But in a positive sign, court and prison repairs should be done next month, an official said, which means the city’s crippled criminal justice system will be able to process its influx of suspects more efficiently.

The summit opened hours after an early morning killing brought the city’s homicide count for the year to 100.

New Orleans, with a pre-Katrina population of 455,000, had virtually no crime in the months after the storm hit on August 29, 2005, when the city was largely empty.

That changed as the evacuees started returning. In April murders began occurring regularly, sometimes in groups. The current population is uncertain, though various estimates put it at 200,000 to 250,000.

Guard members and state police were sent to New Orleans shortly after what police called one of the city’s worst acts of violence in 10 years: the fatal shooting of five teenagers in mid-June.

Over Labor Day weekend, four people died in 13 shootings in the New Orleans area.
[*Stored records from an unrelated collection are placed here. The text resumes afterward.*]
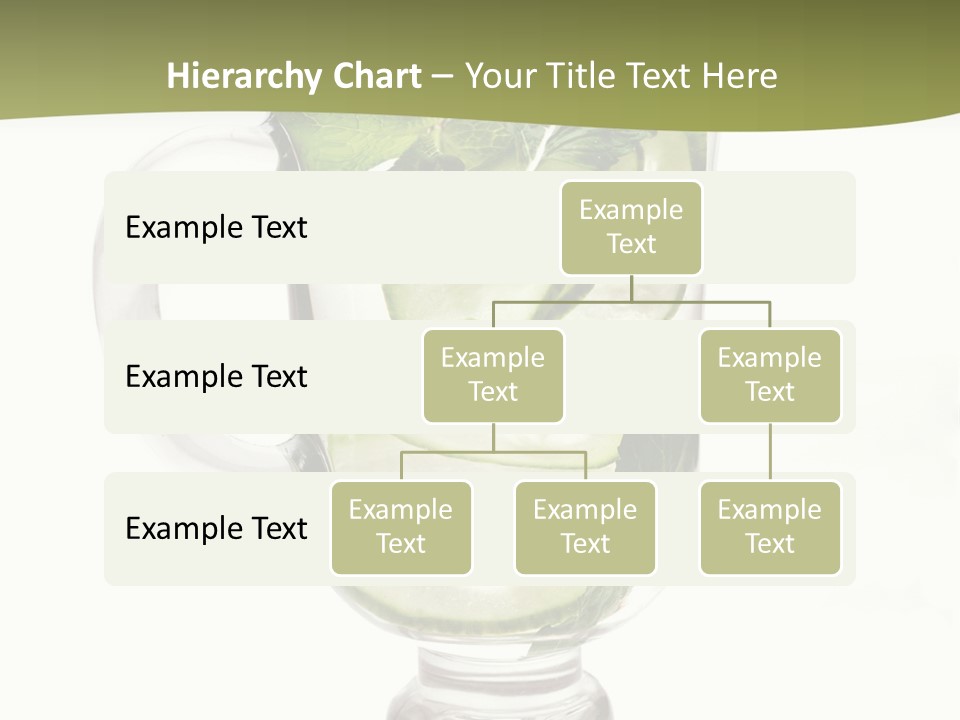 Summer Vegetable Herb PowerPoint Template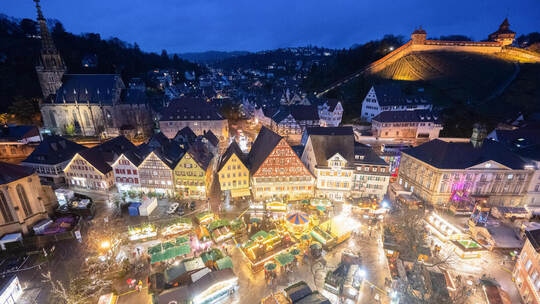 Weihnachtsmarkt Esslingen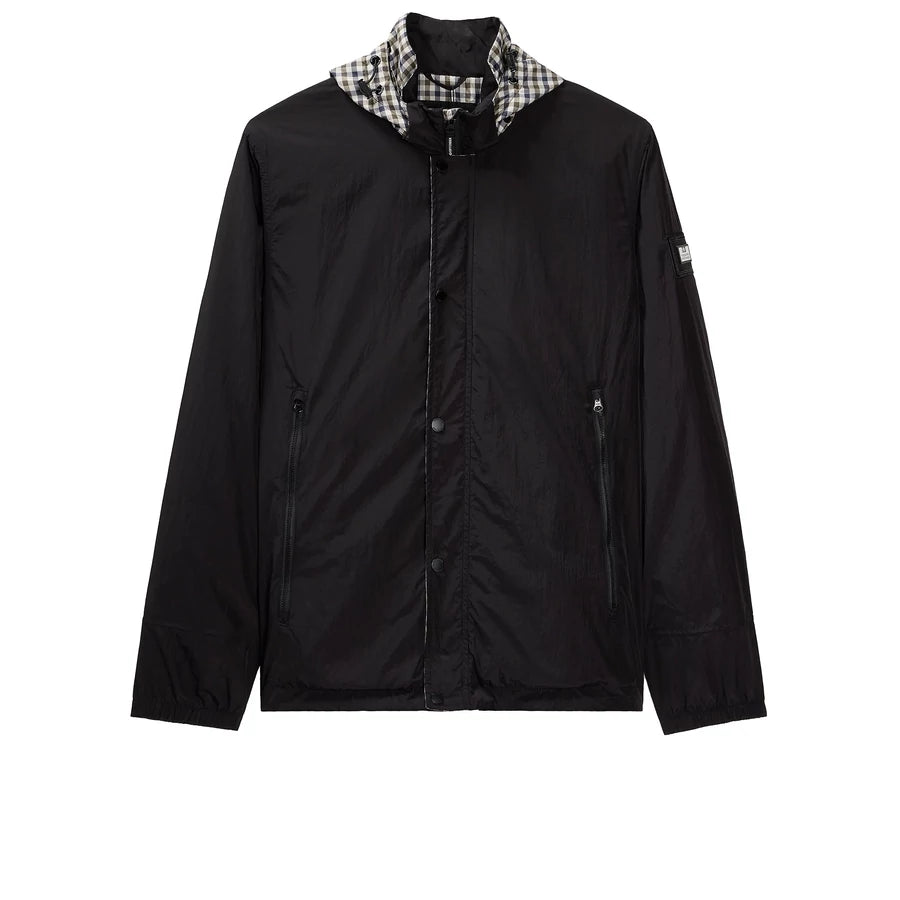 Saunders Parachute Jacket - black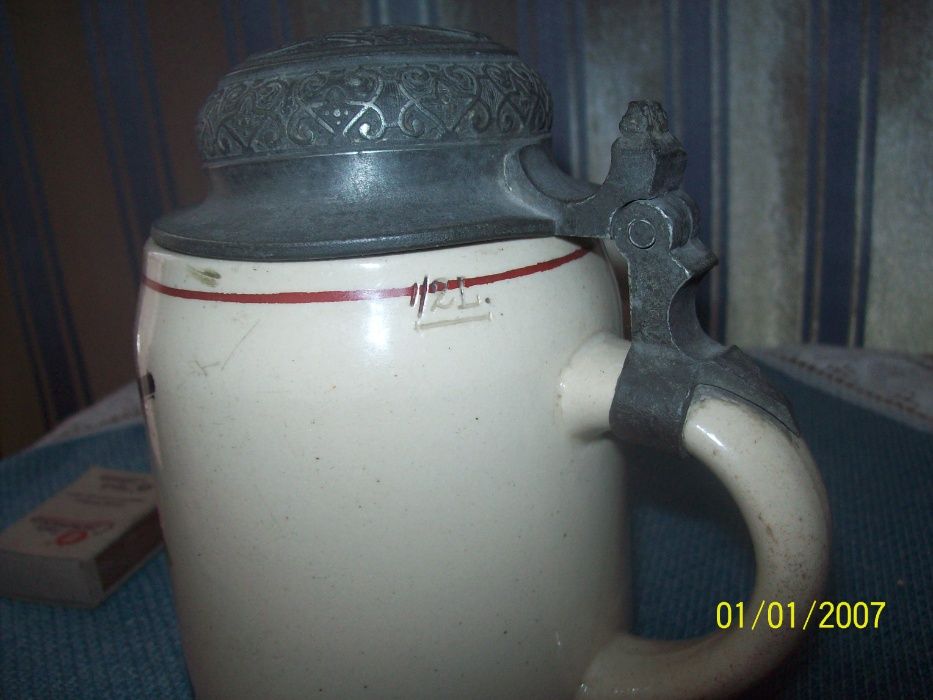 Wojskowy kufel Ceramiczny ok, 1935r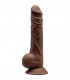 MODELO 3 PENE REALiSTICO 24CM MARRoN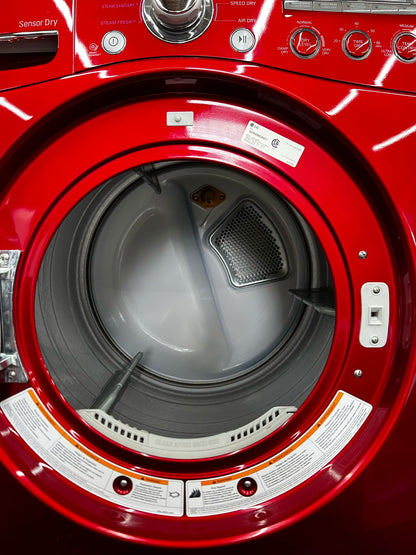 LG Washer and Electric Dryer front load set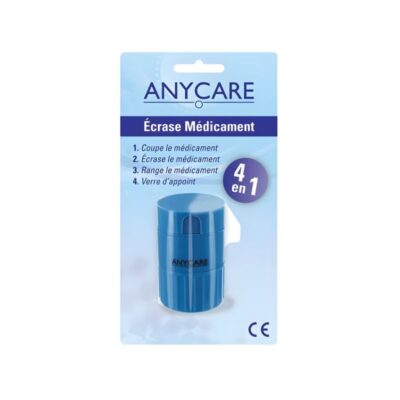 PILLULIER ANYCARE 4EN1 COUPE ET ECRASE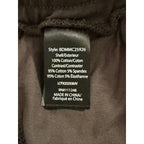 BFD Malibu Waffle Thermal Jogger Men's Large Elastic Drawstring Waist Carbon NWT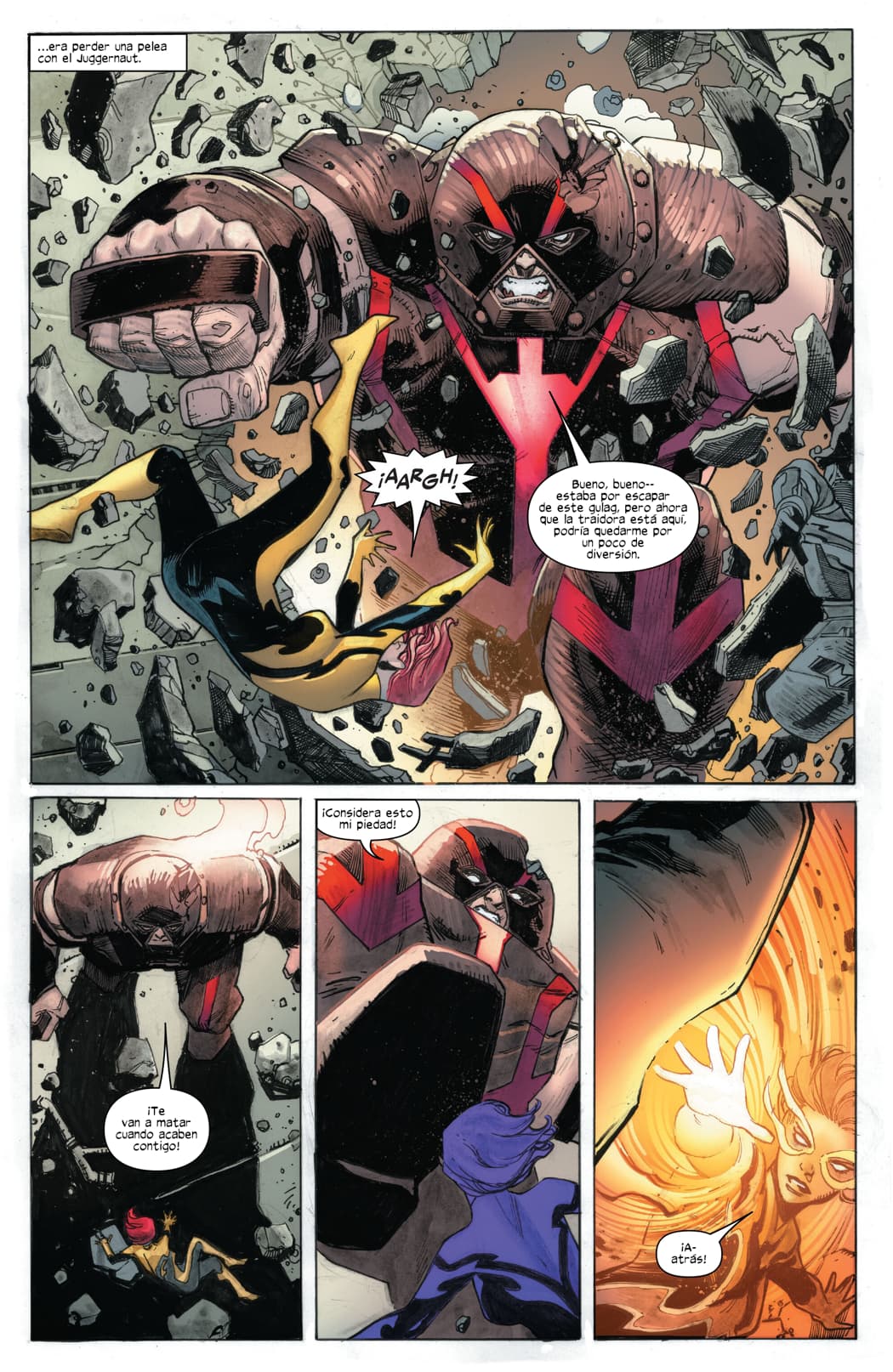 Read X-Men (2021) Manga Online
The Guard members and state troopers have helped bolster a police department whose membership fell after the storm by more than 200 to about 1,420. Blanco said the cost to the state will be about $14 million.

On Saturday, the governor called the use of troops and state police a stopgap measure to help safeguard the city while other means to deal with crime are developed.

The summit shows the city will no longer tolerate crime, Mayor Ray Nagin said.

“Any crime committed with a gun should be charged at the highest possible count, attempted murder at a minimum,” Nagin said. “And all those crimes must be expedited, put to the front of the line and prosecuted.”